§ **INSTRUCTIONS FOR THE TASK**: The entries below contain pictures, which are to be left out; write out exactly, and only, the lines from the line with "So this is the" up to and including the line with "First, you need".

[[ LISTED RECORDS, beginning ]]

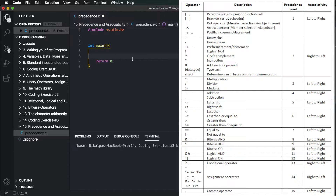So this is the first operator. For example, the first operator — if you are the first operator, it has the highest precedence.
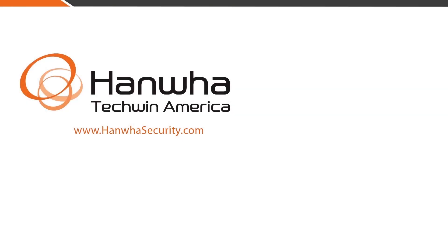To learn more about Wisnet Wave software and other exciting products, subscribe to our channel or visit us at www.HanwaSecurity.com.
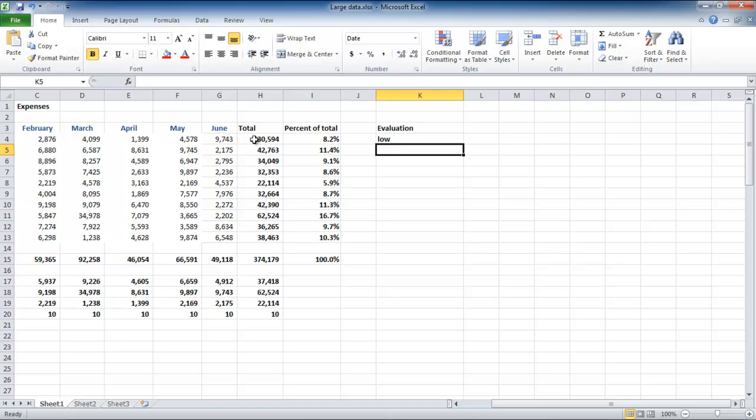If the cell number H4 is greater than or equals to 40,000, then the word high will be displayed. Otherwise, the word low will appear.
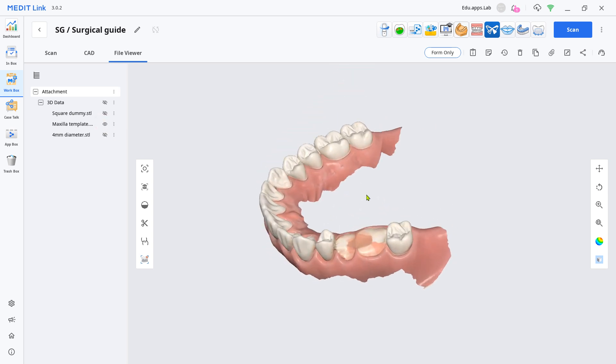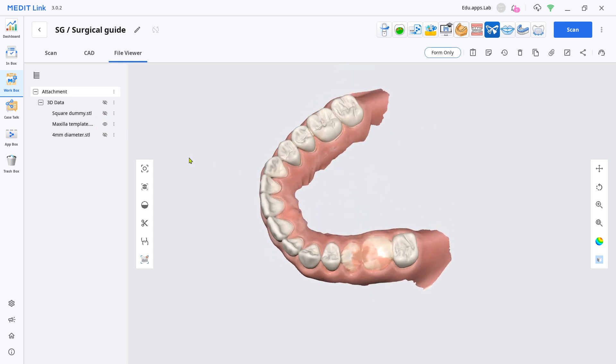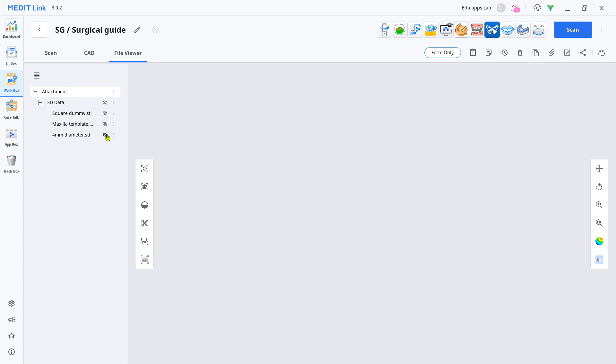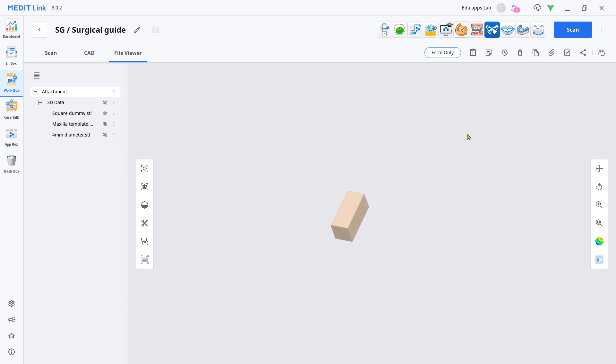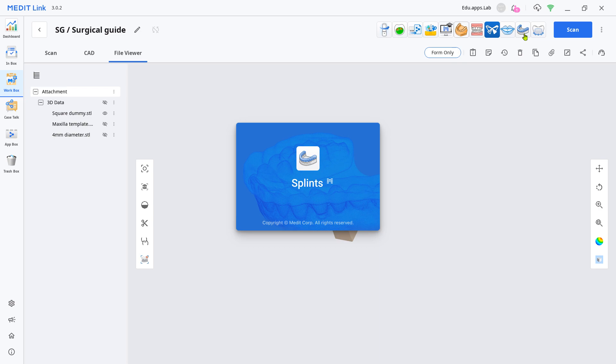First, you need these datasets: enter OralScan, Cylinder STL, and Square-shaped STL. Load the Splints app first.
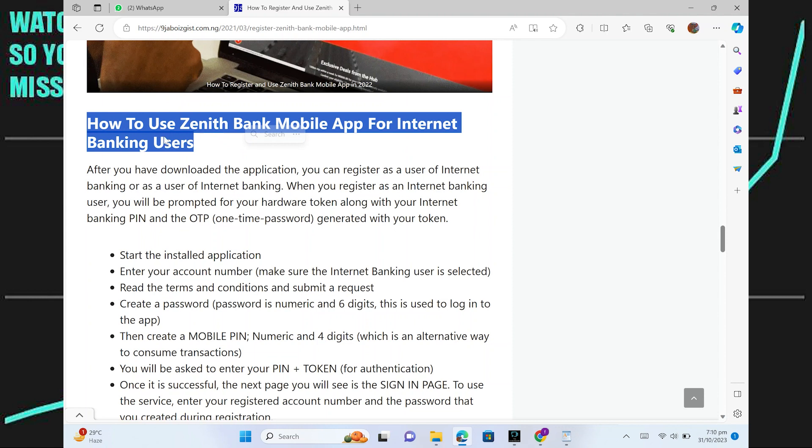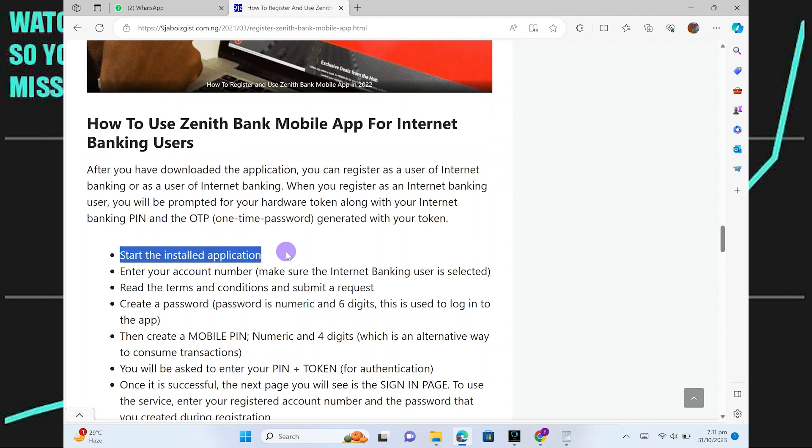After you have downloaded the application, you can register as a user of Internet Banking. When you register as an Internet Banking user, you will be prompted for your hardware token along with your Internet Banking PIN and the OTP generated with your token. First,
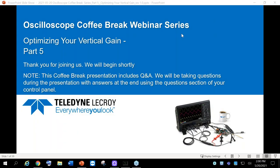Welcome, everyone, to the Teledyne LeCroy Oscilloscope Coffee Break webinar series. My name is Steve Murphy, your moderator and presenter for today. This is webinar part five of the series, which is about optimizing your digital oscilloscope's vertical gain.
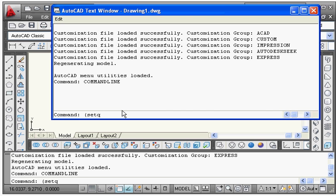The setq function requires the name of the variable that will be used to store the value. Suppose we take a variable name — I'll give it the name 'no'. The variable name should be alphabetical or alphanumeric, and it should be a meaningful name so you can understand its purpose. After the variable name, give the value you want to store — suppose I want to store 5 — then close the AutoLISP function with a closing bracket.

[[ LISTED RECORDS, end ]]
[[ LISTED RECORDS, beginning ]]

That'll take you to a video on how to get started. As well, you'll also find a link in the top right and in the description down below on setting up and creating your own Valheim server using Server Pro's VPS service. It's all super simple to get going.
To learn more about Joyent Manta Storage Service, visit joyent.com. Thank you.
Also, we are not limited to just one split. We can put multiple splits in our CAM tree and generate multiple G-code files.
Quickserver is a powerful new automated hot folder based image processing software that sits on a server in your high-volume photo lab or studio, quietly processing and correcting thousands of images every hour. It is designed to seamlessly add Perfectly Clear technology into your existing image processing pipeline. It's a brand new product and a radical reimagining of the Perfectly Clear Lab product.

[[ LISTED RECORDS, end ]]
[[ LISTED RECORDS, beginning ]]

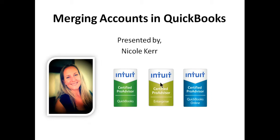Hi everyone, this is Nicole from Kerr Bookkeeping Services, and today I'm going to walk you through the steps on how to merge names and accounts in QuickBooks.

[[ LISTED RECORDS, end ]]

§ **SOLUTION TO THIS TASK**:
So this is the first operator. For example, the first operator — if you are the first operator, it has the highest precedence.
To learn more about Wisnet Wave software and other exciting products, subscribe to our channel or visit us at www.HanwaSecurity.com.
If the cell number H4 is greater than or equals to 40,000, then the word high will be displayed. Otherwise, the word low will appear.
First, you need these datasets: enter OralScan, Cylinder STL, and Square-shaped STL. Load the Splints app first.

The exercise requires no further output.